§ **Material provided**:
┄┄┄┄┄┄

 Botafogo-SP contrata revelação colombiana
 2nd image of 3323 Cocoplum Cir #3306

┄┄┄┄┄┄

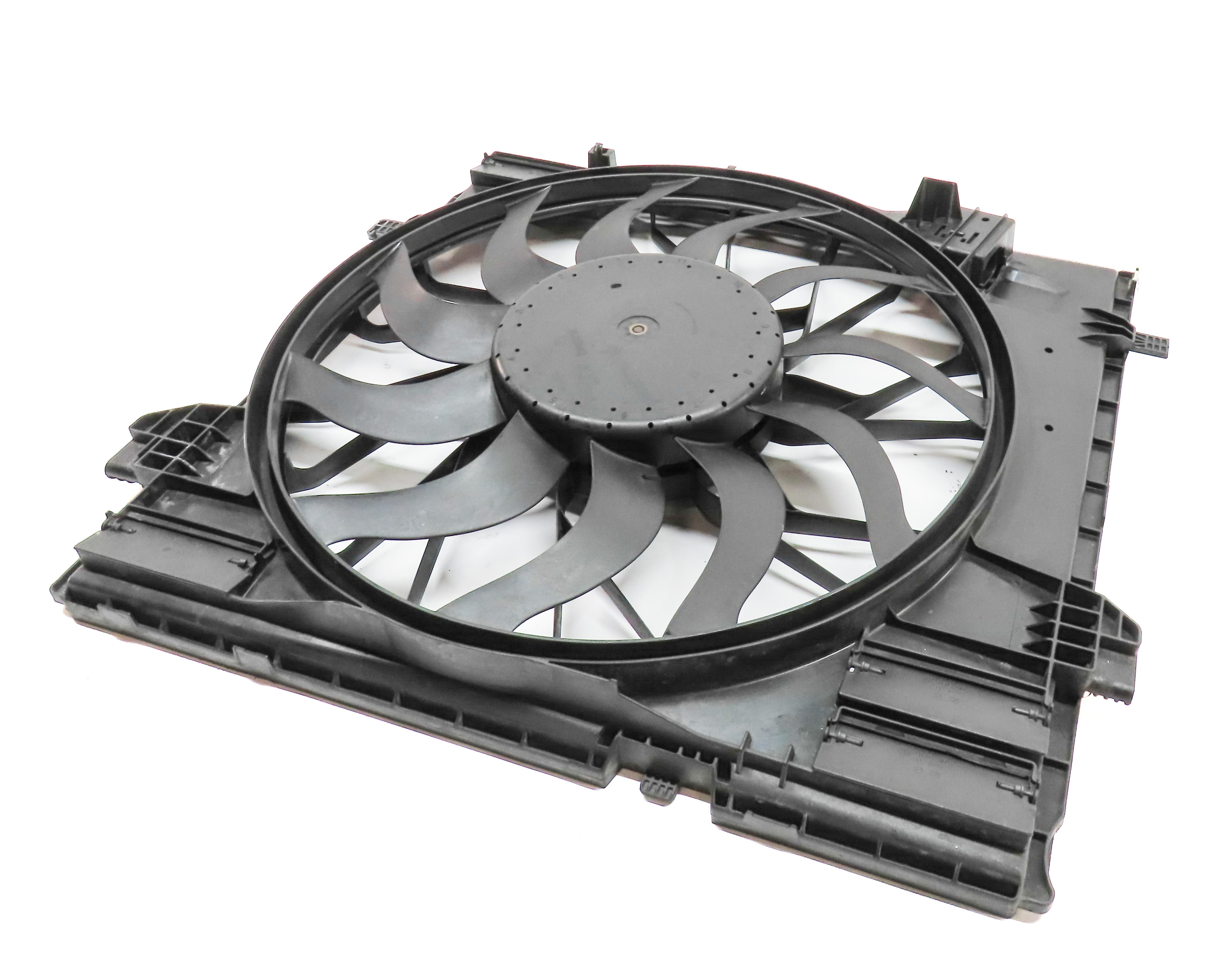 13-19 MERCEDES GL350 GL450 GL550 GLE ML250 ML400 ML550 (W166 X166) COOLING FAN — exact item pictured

┄┄┄┄┄┄

§ **What to work on**: Among the lines above, repeat exactly those from the line with "Botafogo-SP contrata revelação colombiana" to the line with "2nd image of 3323 Cocoplum Cir #3306", counting both ends.

§ **Solution**:
 Botafogo-SP contrata revelação colombiana
 2nd image of 3323 Cocoplum Cir #3306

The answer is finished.